Task:
From the data below, set down exactly the lines between the one holding "Chalet de obra" and the one holding "The Soleia Linen Midi Skirt", inclusive, and no others.

Exercise data:
________

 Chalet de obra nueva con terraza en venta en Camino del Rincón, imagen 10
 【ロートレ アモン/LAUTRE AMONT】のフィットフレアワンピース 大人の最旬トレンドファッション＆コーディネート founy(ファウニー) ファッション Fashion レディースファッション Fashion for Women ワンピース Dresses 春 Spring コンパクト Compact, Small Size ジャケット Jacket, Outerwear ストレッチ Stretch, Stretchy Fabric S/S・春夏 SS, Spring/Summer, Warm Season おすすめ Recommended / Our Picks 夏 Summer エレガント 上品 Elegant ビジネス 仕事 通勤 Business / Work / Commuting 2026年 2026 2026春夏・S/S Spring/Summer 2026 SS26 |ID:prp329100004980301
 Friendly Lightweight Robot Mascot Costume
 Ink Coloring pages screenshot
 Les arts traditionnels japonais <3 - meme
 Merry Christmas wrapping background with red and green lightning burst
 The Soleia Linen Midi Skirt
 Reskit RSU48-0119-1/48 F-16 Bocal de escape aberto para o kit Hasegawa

________

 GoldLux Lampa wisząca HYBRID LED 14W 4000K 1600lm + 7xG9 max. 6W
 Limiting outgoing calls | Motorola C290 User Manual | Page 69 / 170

________

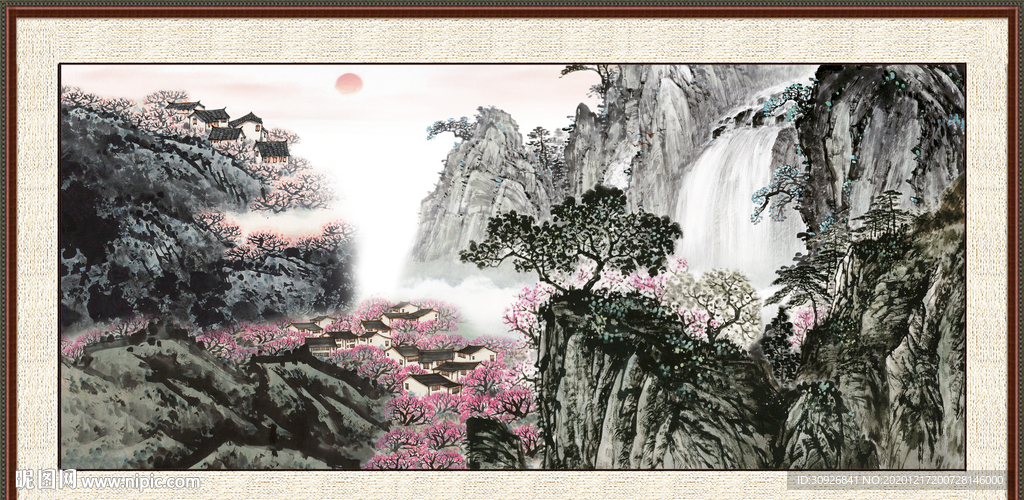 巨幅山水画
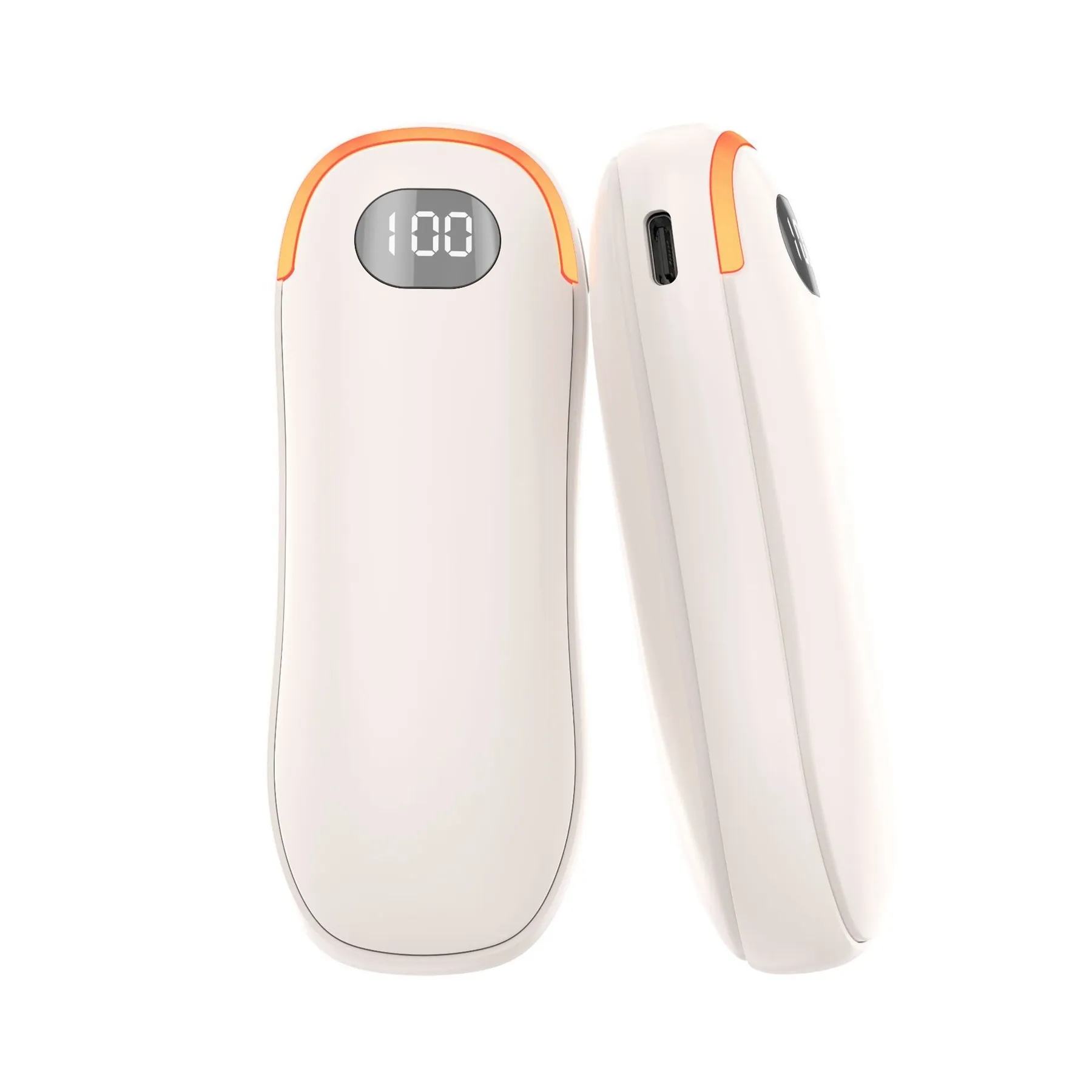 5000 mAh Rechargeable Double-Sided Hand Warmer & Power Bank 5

________

Reply:
 Chalet de obra nueva con terraza en venta en Camino del Rincón, imagen 10
 【ロートレ アモン/LAUTRE AMONT】のフィットフレアワンピース 大人の最旬トレンドファッション＆コーディネート founy(ファウニー) ファッション Fashion レディースファッション Fashion for Women ワンピース Dresses 春 Spring コンパクト Compact, Small Size ジャケット Jacket, Outerwear ストレッチ Stretch, Stretchy Fabric S/S・春夏 SS, Spring/Summer, Warm Season おすすめ Recommended / Our Picks 夏 Summer エレガント 上品 Elegant ビジネス 仕事 通勤 Business / Work / Commuting 2026年 2026 2026春夏・S/S Spring/Summer 2026 SS26 |ID:prp329100004980301
 Friendly Lightweight Robot Mascot Costume
 Ink Coloring pages screenshot
 Les arts traditionnels japonais <3 - meme
 Merry Christmas wrapping background with red and green lightning burst
 The Soleia Linen Midi Skirt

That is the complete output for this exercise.